After the cold vapor compression chiller and the absorption chiller, the gas chiller ranks third in terms of practical importance or frequency of use. However, this refrigeration machine is specifically used in the temperature range between -80 °C to -200 °C.

In addition to the name cold gas refrigeration machine, the name Philips gas refrigeration machine has become common, because this refrigeration machine was developed by the employees of the Philips company. It represents the reversal of the Stirling hot air process and operates at relatively high efficiency.

Other special features are: no liquefaction or evaporation of the refrigerant (hence the name "gas refrigerator") and no working valves.
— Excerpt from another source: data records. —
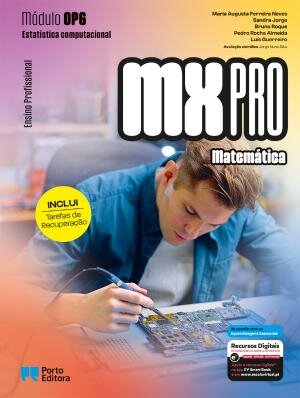 MX PRO - Matemática - Módulo OP6 - Estatística computacional - Ensino Profissional 2025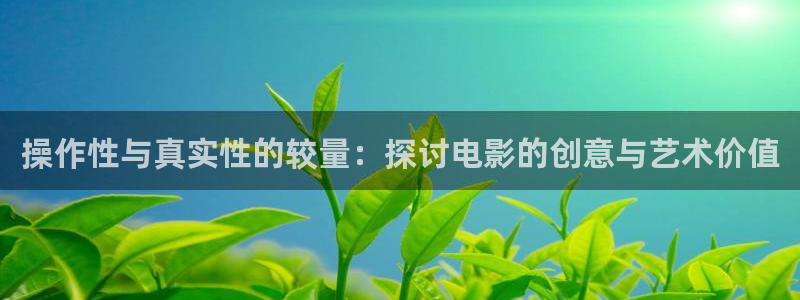 天空之上三公尺电影2：操作性与真实性的较量：探讨电影的创意与艺术价值
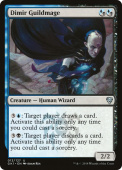 Dimir Guildmage Dimir Guildmage
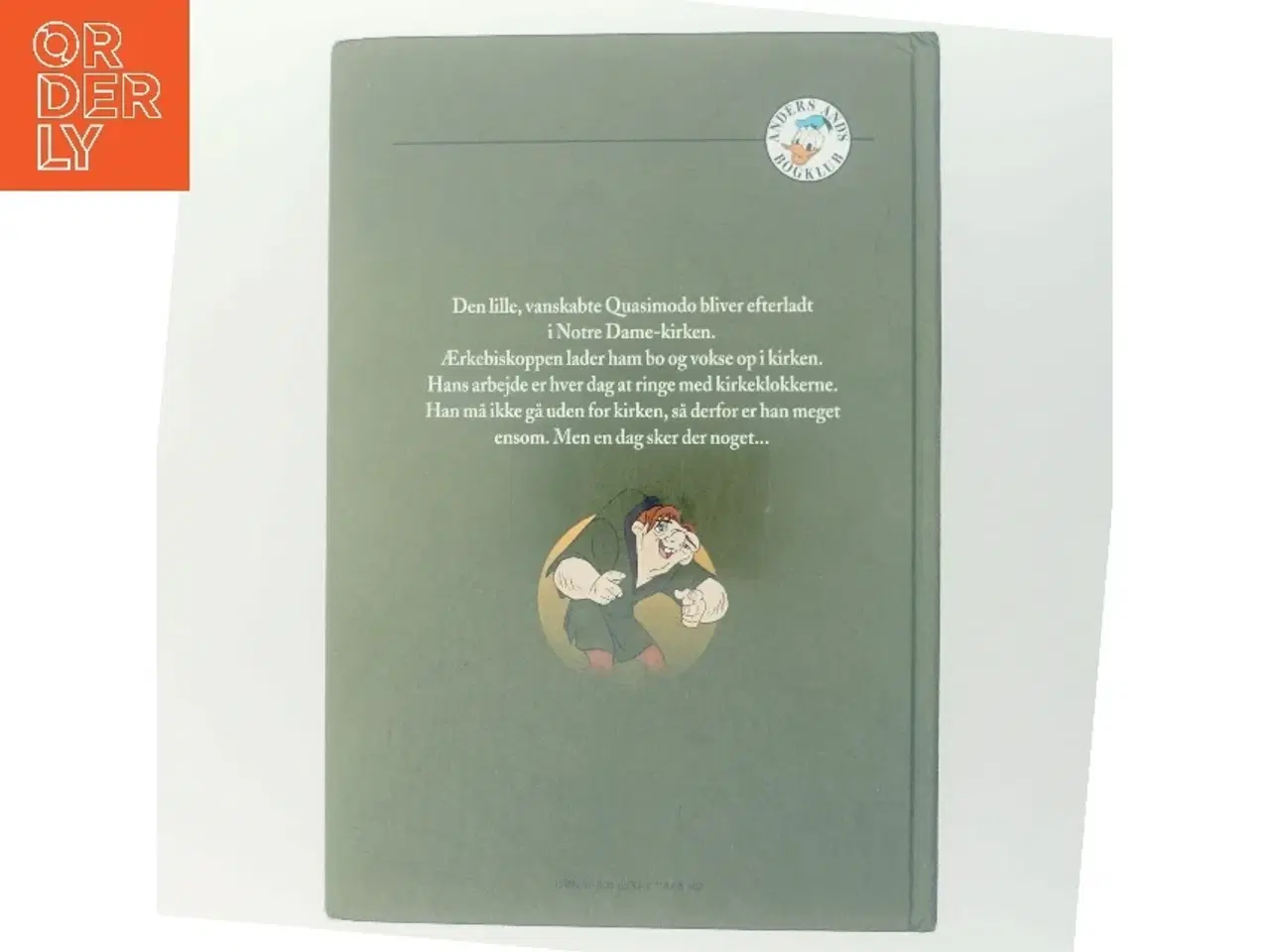 Billede 3 - Bog: Klokkeren fra Notre Dame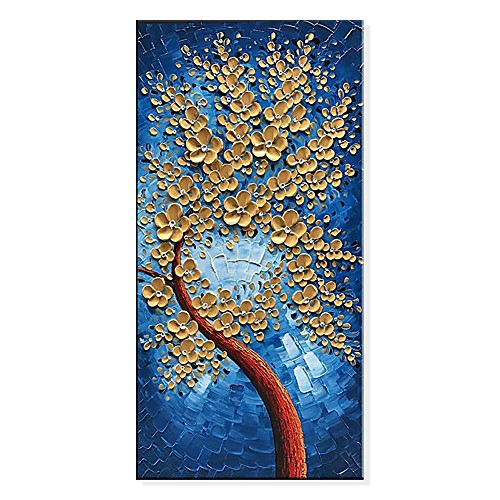 100% Hand-Painted Contemporary Art Oil Painting On Canvas Modern Paintings Home Interior Decor Abstract 3D Tree Art Painting Large Canvas Art(Rolled Canvas without Frame)
100% Hand-Painted Contemporary Art Oil Painting On Canvas Modern Paintings Home Interior Decor Abstract 3D Tree Art Painting Large Canvas Art(Rolled Canvas without Frame)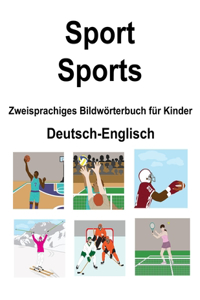 Deutsch-Englisch Sport / Sports Zweisprachiges Bildwörterbuch für Kinder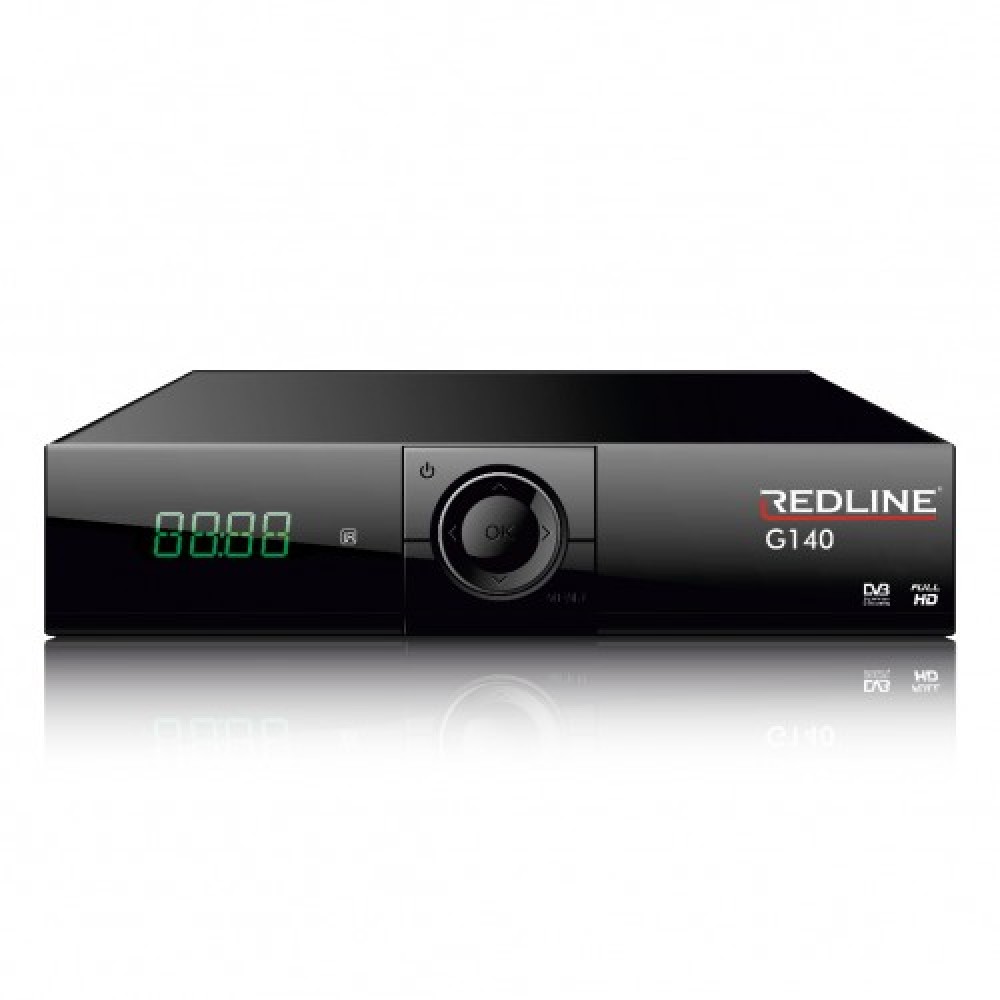 Сателитен приемник REDLINE G140 HD, 12V, 220V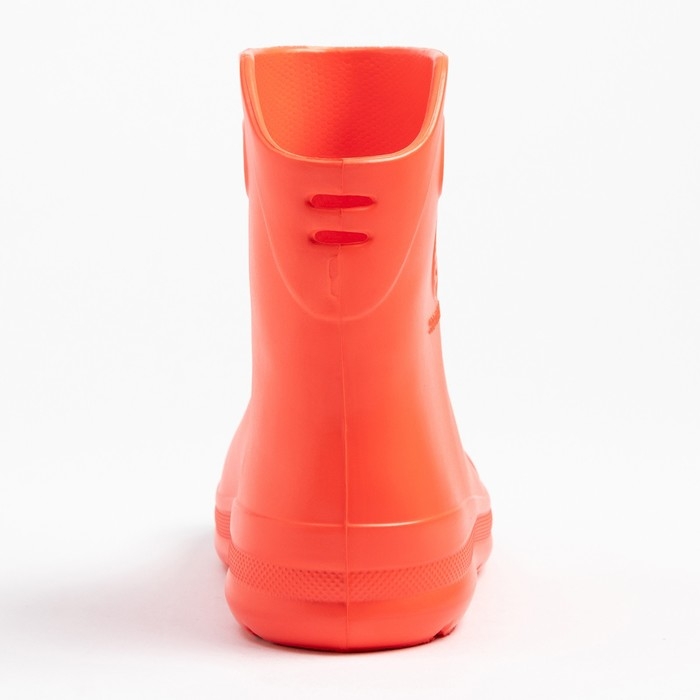 Ботильоны женские, цвет коралловый, размер 36-37 Ботильоны женские, цвет коралловый, размер 36-37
The system in the laboratory is used for demonstration purposes and to generate liquid air.

Manufacturer: Philips (Philips Process)
Type: PW 7000
Production: about 5 liters of liquid air per hour
Drive power: 6 kW at a speed of 1450 1/min.
Operating pressure: 25 bar
Working material: 10 g helium

Model for determining the degree of delivery

Compressors (such as gas compressors, air compressors, refrigerant compressors) deliver volume flows at different pressure ratios. If the back pressure or discharge pressure of the compressor increases, the discharge capacity of a compressor decreases. This is one of the main reasons for moving from single-stage to two-stage or multi-stage compression above a certain pressure ratio.

The ratio of actually delivered volumetric flow to theoretically possible volumetric flow is called volumetric efficiency. It is in the range of 0.6 .... 0.9 for designed systems.

Thermoelectric cooling with Peltier elements

Peltier elements are used for cooling in the following requirements:

  • precise point cooling
  • good controllability
  • free from vibration and / or low noise operation
  • easy switching between cooling and heating
  • narrow or angled installation conditions

Two plants are available to carry out the experiment. At each of them, the cooling coefficient of performance of Peltier cooling is to be determined.

Beer cooling plant

The cooling of food is the largest application area of refrigeration technology. This experimental model was designed and built as part of a diploma thesis.

Miniature icebreaker

The topic of icebreaking represents a major area of research at Karlsruhe University of Applied Sciences, and is one of the core competencies of the Institute of Refrigeration, Air Conditioning and Environmental Engineering. Although there are some industrial-scale ice slurry production plants in the laboratories, they are not permanently available to the students as demonstration objects due to ongoing research activities. For this reason, this miniature icebreaking plant was designed and constructed as part of a final thesis. A converted slush ice machine from the catering industry is used as the ice maker. In the context of this thesis comprehensive work concerns the modification of the slush ice machine, as well as the complete construction of all other components such as machine frame, ice storage, agitator, consumers such as heat exchanger and the piping and hose system with the valves.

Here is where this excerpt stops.